Ülkemiz bugün dünden olduğundan daha fazla
iç ve dış hain odakların yoğunlaşan tehdidi altındadır. 15 Temmuzda ülkemizde
yuvalanan, millet ve cumhuriyet düşmanı hainler darbe teşebbüsünde
bulunmuşlardır. Bu darbe teşebbüsü, Türk silahlı kuvvetlerinin gerçek
vatansever askerleri, emniyet teşkilatımızın ve asil milletimizin kahraman
evlatları tarafından önlenmiştir.
İç ve dış terör örgütü vatan hainleri aynı
amaca hizmet etmektedir. Bu hainlerin hedefleri; ülkede karışıklık çıkartmak,
Türk ordusunu yıpratarak Türkiye Cumhuriyetini bölünmüş, zayıf bir ülke haline
getirmek ve dolayısıyla küresel emperyalist güçlerin menfaatleri doğrultusunda Sevrin
gerçekleşmesini sağlamaktır. Bilinmelidir ki su uyur düşman uyumaz.
Bütün bunlara karşın Türk milleti hürriyeti
ve bağımsızlığı söz konusu olunca daha sıkı kenetlenmesini bilmiştir. Türk
milleti azmi, iradesi ve kudreti ile bu hainleri her zaman diz çöktürmüş ve
hüsrana uğratmıştır. 15 Temmuz darbe girişiminde ve diğer terör örgütlerinin
kanlı eylemlerinde şehit olan asker, polis, korucu ve tüm sivil
vatandaşlarımıza rahmet diliyor ve onları saygıyla anıyoruz.
Topraklarımızın bir daha istila edilmesini,
hürriyet ve bağımsızlığımıza göz dikilmesine ne biz ne de bizden sonraki
nesiller hiçbir zaman müsaade etmeyecektir. İnanıyoruz ki kan dökülerek vatan
olan bu topraklar, bugüne kadar olduğu gibi bundan sonra da Türk milleti
tarafından en kutsal emanet olarak korunacaktır.
Bu kutsal vatan uğruna kanımızın son
damlasına kadar vatan topraklarımızı korumak ve vatan sevdası uğruna
sarıldığımız şanlı bayrağımızı sonsuza dek göklerde dalgalandırmak için bizler
de aynı bedeli ödemeye hazırız.
Büyük önder Gazi Mustafa Kemal Atatürk,
şehit ve gazilere gereken önemi şu sözleri ile ortaya koymaktadır: Türk
tarihine altın sayfalar yazdıran gazilerimiz ile şehitlerimizin hatıralarını
yüceltmek, onlara olan minnet ve şükran duygularımızı ifade etmek milli bir
görevdir.
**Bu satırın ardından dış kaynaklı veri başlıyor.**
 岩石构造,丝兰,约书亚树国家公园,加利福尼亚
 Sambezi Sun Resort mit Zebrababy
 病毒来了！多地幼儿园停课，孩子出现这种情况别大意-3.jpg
Atatürkün bu sözleri ışığında, yüce devletimizden şehitlerin
hatıralarına ve gazilerimize her alanda her türlü ahde vefa duygusu ile daha
fazla sahip çıkılmasını diliyoruz.
Gaziler günü münasebetiyle, büyük önder Mustafa
Kemal Atatürkü ve silah arkadaşlarını, aramızdan ayrılan gazilerimizi ve vatan
uğrunda toprağa düşen tüm şehitlerimizi rahmetle anıyor, hayatta olan
gazilerimize de esenlikler diliyorum.